Online Music Video Calls Unilever's Bluff on Social Responsibility
31st July 2015
Social activists expose Unilever and CEO Paul Polman's hypocrisy with spoof of Nicki Minaj's 'Anaconda' song.
30 July, 2015. CHENNAI — Having reached its target of 5000 signatures in less than a week, a petition hosted by online campaigning platform Jhatkaa.org urging Unilever to settle the company's mercury-related liabilities in Kodaikanal got a major boost today with the launch of a music video titled "Kodaikanal won't. . ." Written by Chennai-born rapper Sofia Ashraf and set to Nicki Minaj's "Anaconda," this song is being used by social activists to expose Unilever's claims to responsibility as hypocritical. Unilever's mercury thermometer factory in the South Indian hill town of Kodaikanal was shut down in 2001 for environmental violations. For 14 years, the company has ignored demands for remediation of its mercury-contaminated site and compensation of mercury-affected workers. Unilever CEO Paul Polman urges other corporates to follow his lead on business as a force for good. In Kodaikanal, he has failed to walk his talk.
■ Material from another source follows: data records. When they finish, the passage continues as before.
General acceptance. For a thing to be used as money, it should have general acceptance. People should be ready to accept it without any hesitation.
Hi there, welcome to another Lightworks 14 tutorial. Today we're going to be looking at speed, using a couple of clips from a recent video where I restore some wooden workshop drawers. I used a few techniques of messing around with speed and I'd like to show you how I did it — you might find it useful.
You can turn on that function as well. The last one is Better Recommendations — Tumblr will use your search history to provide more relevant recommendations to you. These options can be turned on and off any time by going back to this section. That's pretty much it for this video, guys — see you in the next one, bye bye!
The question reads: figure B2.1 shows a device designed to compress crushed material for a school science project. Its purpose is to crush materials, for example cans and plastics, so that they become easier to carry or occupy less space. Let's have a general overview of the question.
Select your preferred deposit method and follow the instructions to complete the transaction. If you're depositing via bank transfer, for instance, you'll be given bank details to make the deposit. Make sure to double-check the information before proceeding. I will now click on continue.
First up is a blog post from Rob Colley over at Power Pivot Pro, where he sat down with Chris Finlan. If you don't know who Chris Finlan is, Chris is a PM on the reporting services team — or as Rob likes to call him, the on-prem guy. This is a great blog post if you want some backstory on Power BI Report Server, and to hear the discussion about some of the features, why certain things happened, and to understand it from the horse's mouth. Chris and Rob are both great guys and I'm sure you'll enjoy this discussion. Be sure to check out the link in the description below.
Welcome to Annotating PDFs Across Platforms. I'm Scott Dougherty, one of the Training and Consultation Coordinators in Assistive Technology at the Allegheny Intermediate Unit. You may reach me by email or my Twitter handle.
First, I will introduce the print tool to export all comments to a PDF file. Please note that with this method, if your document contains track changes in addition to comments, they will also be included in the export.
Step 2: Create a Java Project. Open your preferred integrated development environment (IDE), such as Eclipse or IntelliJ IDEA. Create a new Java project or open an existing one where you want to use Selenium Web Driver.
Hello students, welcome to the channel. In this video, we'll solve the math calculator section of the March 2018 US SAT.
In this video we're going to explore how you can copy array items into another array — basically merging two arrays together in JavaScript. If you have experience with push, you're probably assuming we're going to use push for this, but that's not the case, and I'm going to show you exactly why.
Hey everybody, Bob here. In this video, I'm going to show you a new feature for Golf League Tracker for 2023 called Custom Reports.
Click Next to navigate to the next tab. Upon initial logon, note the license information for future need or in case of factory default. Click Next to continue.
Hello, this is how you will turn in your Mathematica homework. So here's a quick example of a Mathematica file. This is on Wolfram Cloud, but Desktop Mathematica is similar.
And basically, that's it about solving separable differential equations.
The music video was uploaded to Youtube by eminent Carnatic vocalist T.M. Krishna at an event titled "Union Carbide to Unilever: The Myth of Corporate Responsibility." Ex-workers and video director Rathindran Prasad spoke at the event.
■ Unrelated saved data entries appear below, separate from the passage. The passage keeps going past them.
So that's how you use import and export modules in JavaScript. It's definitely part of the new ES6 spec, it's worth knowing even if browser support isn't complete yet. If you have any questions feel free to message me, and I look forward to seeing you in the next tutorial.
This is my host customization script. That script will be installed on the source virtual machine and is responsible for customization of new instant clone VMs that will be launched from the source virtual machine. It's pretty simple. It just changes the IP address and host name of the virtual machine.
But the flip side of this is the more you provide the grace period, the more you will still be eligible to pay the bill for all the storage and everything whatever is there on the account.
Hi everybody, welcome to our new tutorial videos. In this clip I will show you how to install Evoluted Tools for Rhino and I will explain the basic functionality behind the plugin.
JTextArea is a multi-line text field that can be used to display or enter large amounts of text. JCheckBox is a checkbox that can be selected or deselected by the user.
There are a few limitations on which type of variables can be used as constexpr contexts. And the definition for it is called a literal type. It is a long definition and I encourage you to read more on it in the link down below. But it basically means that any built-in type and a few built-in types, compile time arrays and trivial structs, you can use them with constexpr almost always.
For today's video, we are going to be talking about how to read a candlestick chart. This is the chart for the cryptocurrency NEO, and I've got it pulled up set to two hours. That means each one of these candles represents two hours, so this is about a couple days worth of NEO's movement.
"The music video speaks the language of today's English-speaking youth who constitute a substantial chunk of Unilever's consumer base. With its punchy lyrics and fantastically pieced together visuals, the video has all the potential to go viral," said T.M. Krishna.
'Swayer Corporation', Rathindran's other production screened at the event, is a story of a young activist out to kill the CEO of a bad and evil chemical corporation. En route to his target, he meets an old man. His world begins to crumble as conversations unfold. The film that was first screened in Cannes 2015, and the music video set the tone for a discussion on whether corporations could ever behave as socially responsible entities.
Unilever spends $8 billion on marketing itself as a socially responsible company. Even a day's budget would be more than sufficient to start addressing its liabilities in Kodaikanal. "For all its talk of social responsibility, Unilever has behaved no different from Union Carbide in Bhopal," said Nityanand Jayaraman, a Chennai-based writer and social activist.
"Unilever prides itself in its image and is very active on social media, but it has done nothing to prevent this public relations nightmare from exploding," said Sonam Mittal, campaigner with Jhatkaa.org.